Ia menjelaskan bagaimana situasi berlangsung. “Ketika saya mulai mengerem, dalam sekejap bagian belakang mobil saya tergelincir, tetapi kemudian bagian depan mulai terkunci. Saya mencoba mencari cara untuk keluar dari situasi itu.”
Namun, melaju ke sisi luar tidak mungkin. Marquez mencoba melompat masuk dan berbelok ke sisi luar lintasan, tetapi ketika ia berada di titik puncak tikungan, ada sedikit perubahan kemiringan. “Saya kehilangan kendali bagian depan dan sayangnya pembalap lain mengalami kecelakaan bersama saya,” jelasnya.
Kesadaran Marquez atas Kesalahan yang Dilakukan
Marquez sadar diri bahwa dirinya pantas mendapat hukuman atas kesalahan tersebut. “Saya belum tahu hukumannya (untuk saat ini), tapi saya harus mendapat hukuman, karena aturannya memang seperti ini.”

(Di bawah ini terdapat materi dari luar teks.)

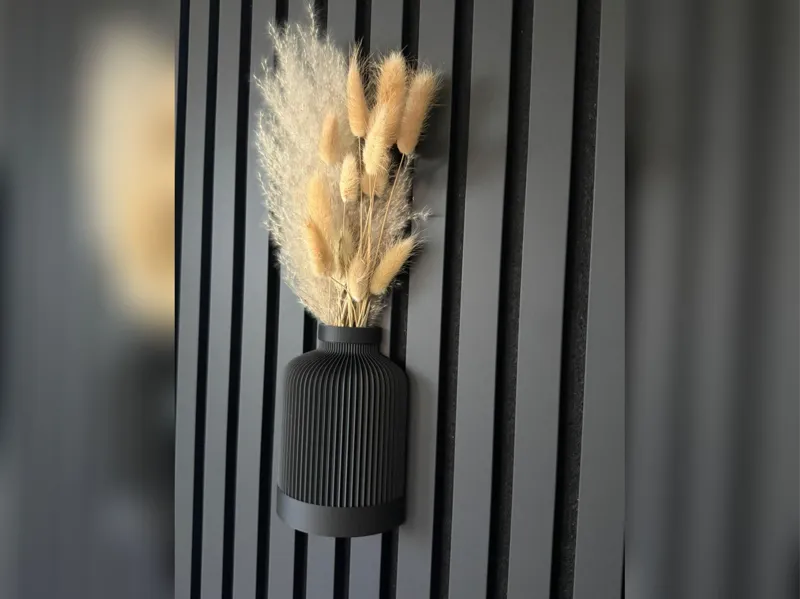 Japandi Vase für eine Akustikwand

Ia juga menyatakan bahwa hari ini ia melakukan kesalahan dan menghancurkan balapan Sprint pembalap lain. “Jadi saya setuju dengan hukuman apa pun yang mereka berikan kepada saya.”

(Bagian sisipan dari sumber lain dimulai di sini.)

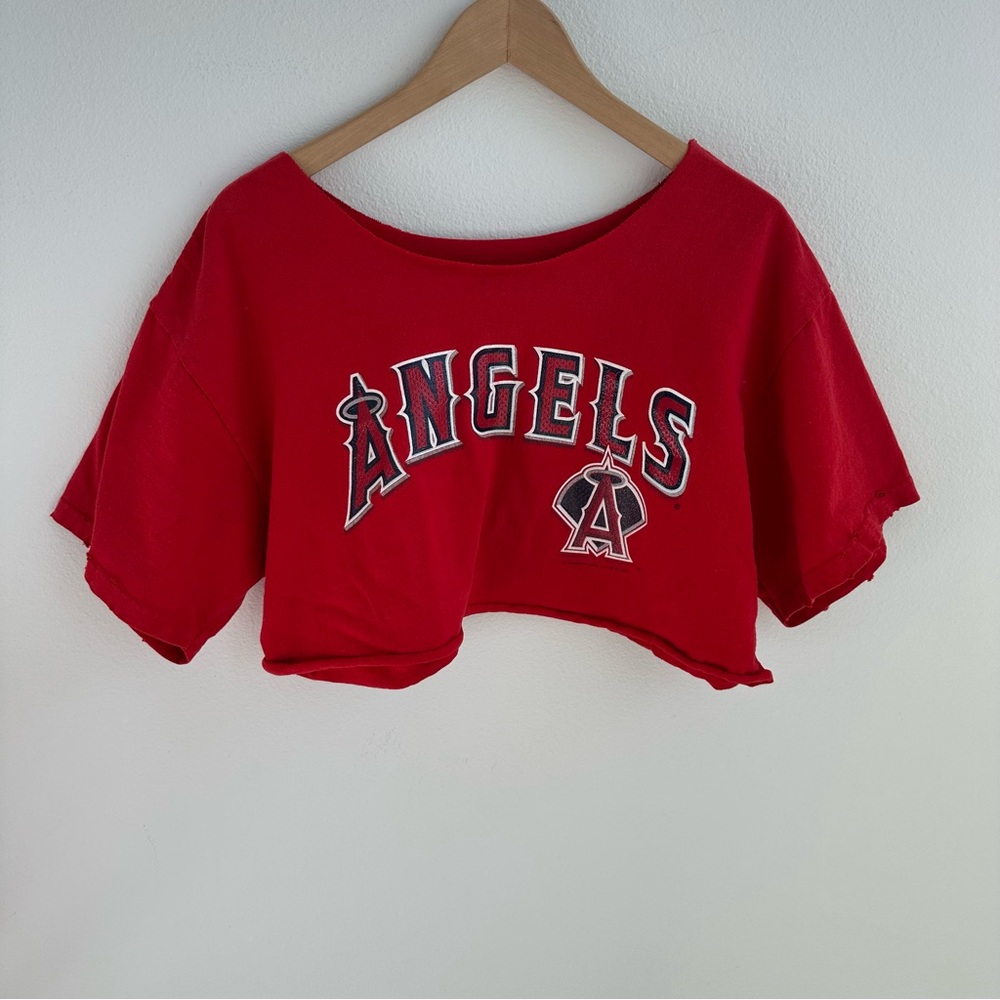 Angels MLB off-the-shoulder cropped baseball tee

Meskipun demikian, Marquez tetap fokus pada balapan utama. “Kami tidak memiliki kecepatan yang cukup, jadi saya hanya akan mencoba untuk melakukan start yang baik dan mencoba untuk menjalani balapan kami,” ujarnya.
Bantahan Terhadap Isu Pembalasan terhadap Diggia
Marquez membantah soal upaya pembalasan terhadap Diggia. “Saya tidak berpikir untuk menyerang, karena saya tahu Diggia memiliki kecepatan yang bagus untuk berada di depan.”

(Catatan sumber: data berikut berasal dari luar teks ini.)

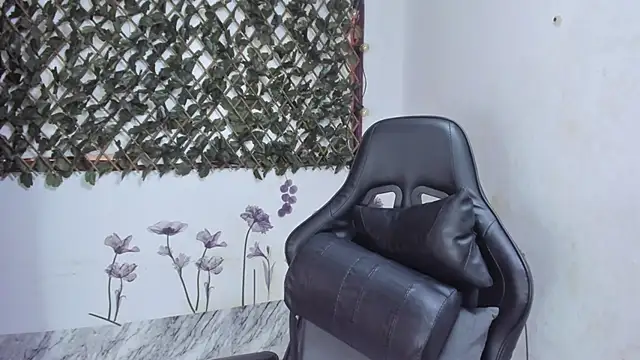 Sarahbrowm  online show from 10/20/25, 07:03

Ia menegaskan bahwa rencananya bukan menyerang. “Saya hanya tidak punya pilihan. Saya tidak bisa mengerem dengan baik karena tertimbun slipstream dari tiga motor di depan.”
Tanggapan Fabio Di Giannantonio dan Race Direction
Juara bertahan MotoGP itu sudah menyampaikan permohonan maaf secara langsung kepada Diggia sesaat setelah balapan. Meskipun Diggia sepertinya belum rela dengan perilaku Marquez, ia mengakui bahwa ia mengerti perasaan Diggia.
“Saya mengerti dia, dan saya hanya bisa meminta maaf,” tuturnya. Diggia yang ditanya soal keputusan Race Direction hanya bisa pasrah. Menurutnya, hukuman long lap penalty pantas untuk Marquez.
Pembalap tim VR46 itu hanya ingin fokus pada performanya saat balapan utama nanti. “Saya seorang pembalap. Para steward ada di sana untuk menjalankan tugas mereka,” kata Diggia. “Saya sepenuhnya menghormati pilihan mereka, jadi tidak apa-apa bagi saya. Saya hanya terlalu fokus pada diri saya sendiri,” pungkasnya.
Pembalap Lain Juga Terkena Penalti
Selain Marquez, dua pembalap lain juga terkena penalti yakni Marco Bezzecchi dan Luca Marini karena dianggap menghalangi Marquez saat kualifikasi.